Excerpted records:
----------

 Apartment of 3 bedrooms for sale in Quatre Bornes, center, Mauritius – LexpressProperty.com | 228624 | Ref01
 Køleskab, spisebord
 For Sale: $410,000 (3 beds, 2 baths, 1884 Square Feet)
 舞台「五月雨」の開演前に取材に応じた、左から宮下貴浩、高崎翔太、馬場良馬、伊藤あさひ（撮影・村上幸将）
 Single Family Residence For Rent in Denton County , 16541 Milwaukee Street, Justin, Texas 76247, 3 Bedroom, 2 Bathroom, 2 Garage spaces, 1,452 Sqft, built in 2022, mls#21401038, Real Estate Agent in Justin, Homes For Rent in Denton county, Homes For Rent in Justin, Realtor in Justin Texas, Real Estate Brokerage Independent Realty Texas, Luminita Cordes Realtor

----------

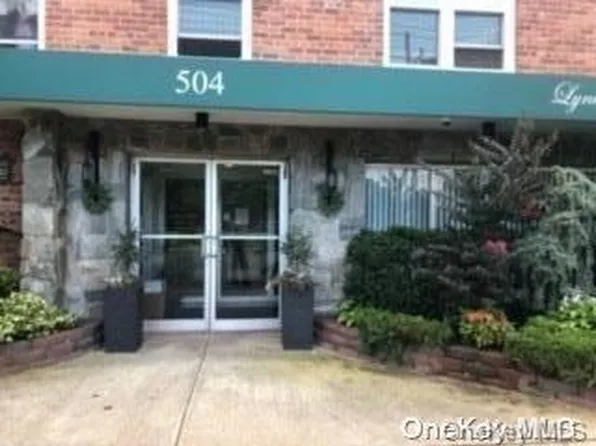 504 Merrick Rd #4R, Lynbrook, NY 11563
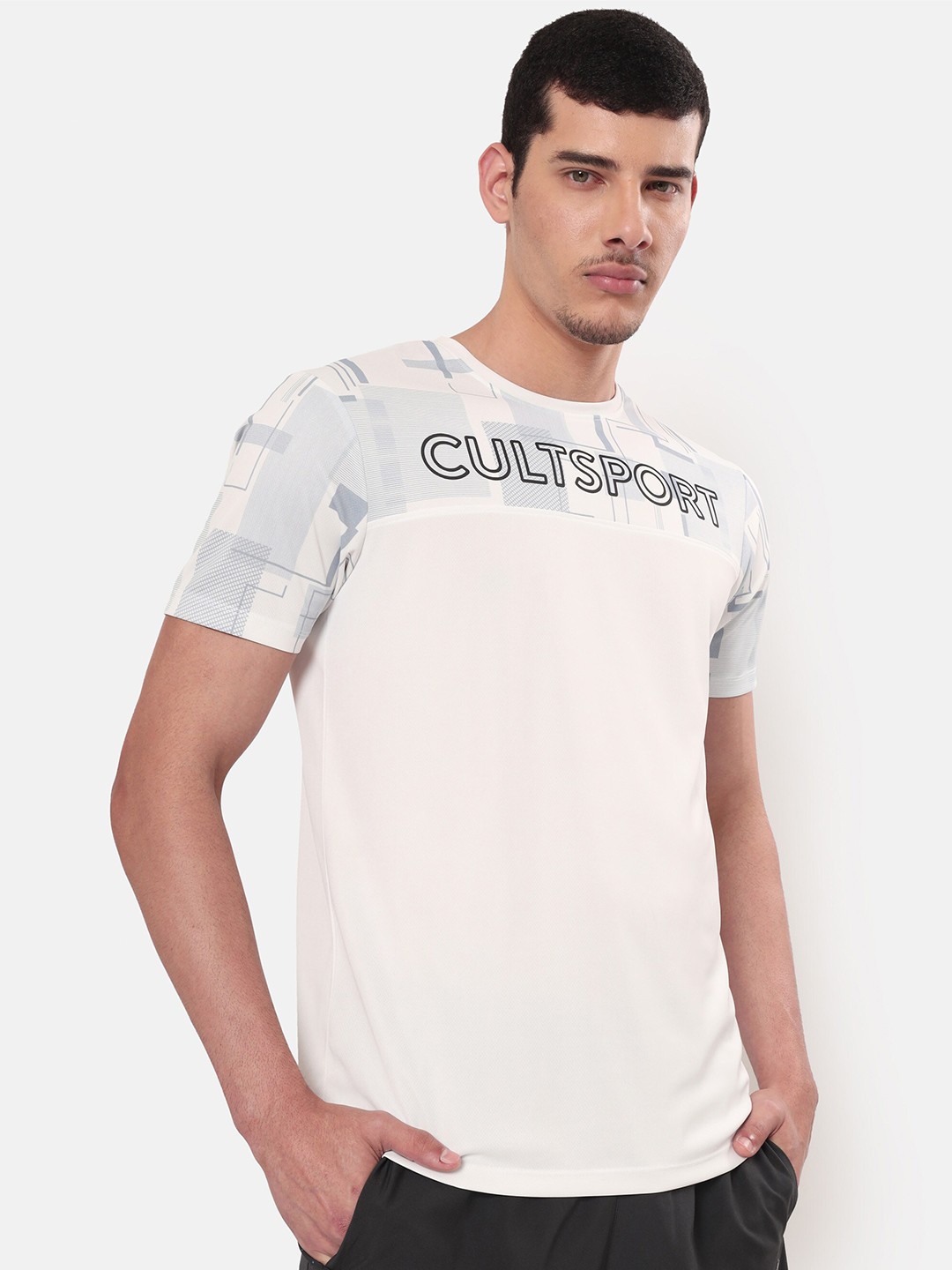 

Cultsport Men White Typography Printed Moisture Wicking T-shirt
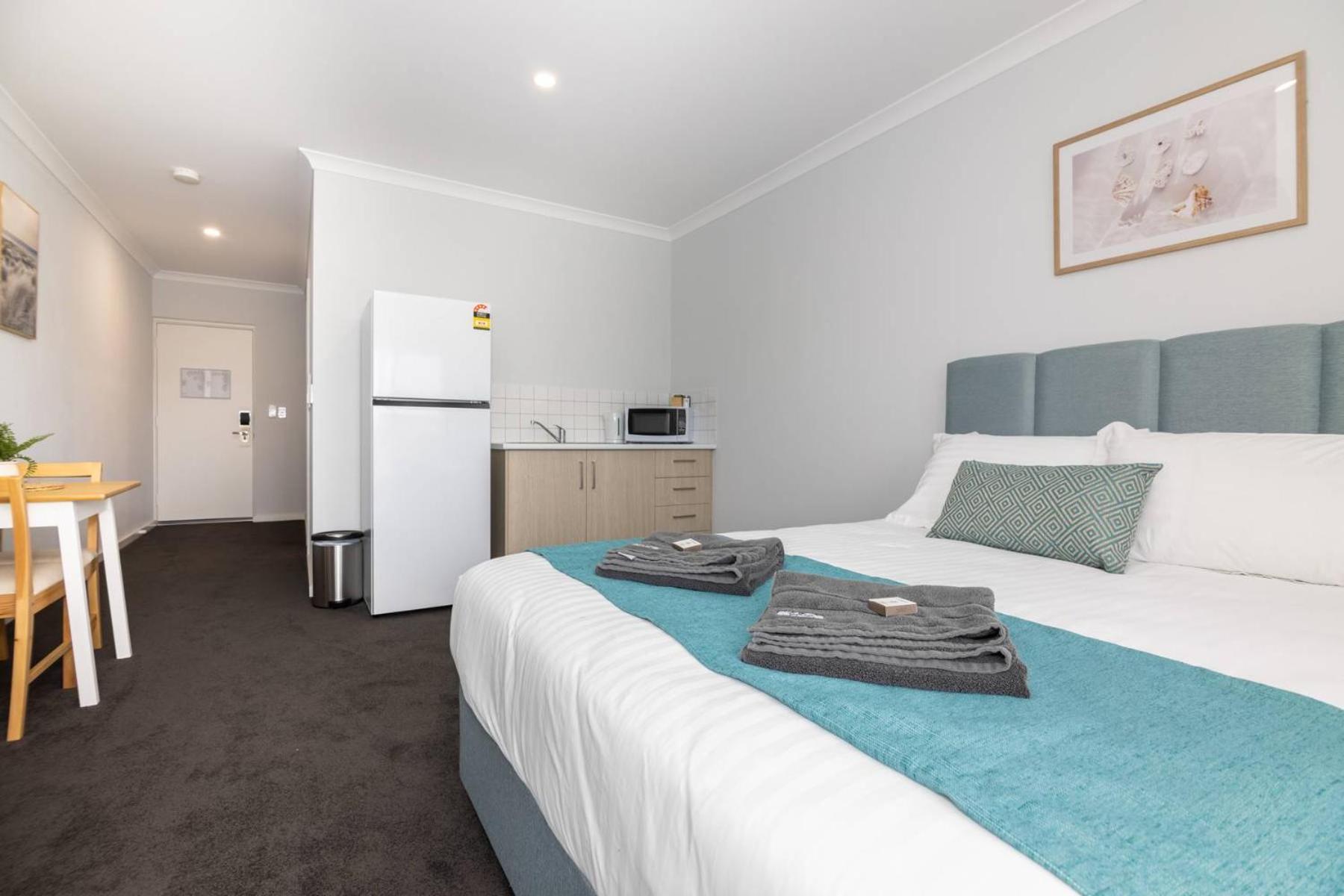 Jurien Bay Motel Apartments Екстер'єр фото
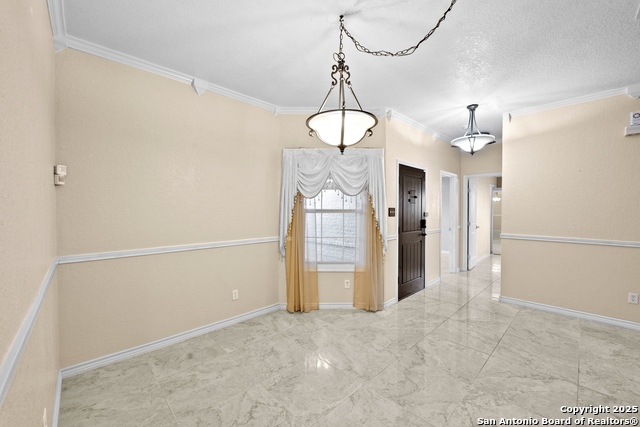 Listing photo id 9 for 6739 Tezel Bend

----------

Aim of the exercise:
Within the material above, find the part that opens with the line containing "Cultsport Men White" and closes with the line containing "Listing photo id 9 for 6739 Tezel Bend", and reproduce it exactly without the pictures.

Answer to the problem:
Cultsport Men White Typography Printed Moisture Wicking T-shirt
 Jurien Bay Motel Apartments Екстер'єр фото
 Listing photo id 9 for 6739 Tezel Bend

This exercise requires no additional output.